• [Your assignment]:
Filter the material below down to the lines containing the word "Core".
Available data section start
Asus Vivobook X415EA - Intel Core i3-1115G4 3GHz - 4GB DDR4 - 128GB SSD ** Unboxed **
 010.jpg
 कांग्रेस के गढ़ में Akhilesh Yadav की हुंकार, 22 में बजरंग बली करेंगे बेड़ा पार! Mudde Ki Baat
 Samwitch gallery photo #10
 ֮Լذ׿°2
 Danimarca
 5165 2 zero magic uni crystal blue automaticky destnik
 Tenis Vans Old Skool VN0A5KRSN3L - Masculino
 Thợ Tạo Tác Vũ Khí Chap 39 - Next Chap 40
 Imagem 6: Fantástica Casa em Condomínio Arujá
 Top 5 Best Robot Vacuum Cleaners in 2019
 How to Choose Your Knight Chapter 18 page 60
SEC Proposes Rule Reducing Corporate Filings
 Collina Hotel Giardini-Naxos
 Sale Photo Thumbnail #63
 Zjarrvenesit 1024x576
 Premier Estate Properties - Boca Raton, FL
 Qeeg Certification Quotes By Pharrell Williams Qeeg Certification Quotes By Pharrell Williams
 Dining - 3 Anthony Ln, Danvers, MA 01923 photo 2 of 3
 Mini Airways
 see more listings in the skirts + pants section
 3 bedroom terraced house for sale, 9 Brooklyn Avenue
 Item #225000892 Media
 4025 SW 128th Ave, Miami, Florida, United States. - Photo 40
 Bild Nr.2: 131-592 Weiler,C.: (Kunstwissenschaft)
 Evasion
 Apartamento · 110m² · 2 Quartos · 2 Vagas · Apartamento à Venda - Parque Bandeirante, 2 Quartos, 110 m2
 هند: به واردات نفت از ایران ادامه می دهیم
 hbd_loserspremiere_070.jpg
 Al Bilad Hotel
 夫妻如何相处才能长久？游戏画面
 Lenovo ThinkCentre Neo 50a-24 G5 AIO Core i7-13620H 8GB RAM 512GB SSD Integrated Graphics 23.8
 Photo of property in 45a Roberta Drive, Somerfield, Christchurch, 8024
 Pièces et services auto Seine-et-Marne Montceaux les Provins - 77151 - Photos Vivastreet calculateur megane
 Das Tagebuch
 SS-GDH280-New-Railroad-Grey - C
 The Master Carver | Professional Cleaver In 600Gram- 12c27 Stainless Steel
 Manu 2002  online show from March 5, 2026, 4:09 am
Available data section end
• [Expected output]:
Asus Vivobook X415EA - Intel Core i3-1115G4 3GHz - 4GB DDR4 - 128GB SSD ** Unboxed **
 Lenovo ThinkCentre Neo 50a-24 G5 AIO Core i7-13620H 8GB RAM 512GB SSD Integrated Graphics 23.8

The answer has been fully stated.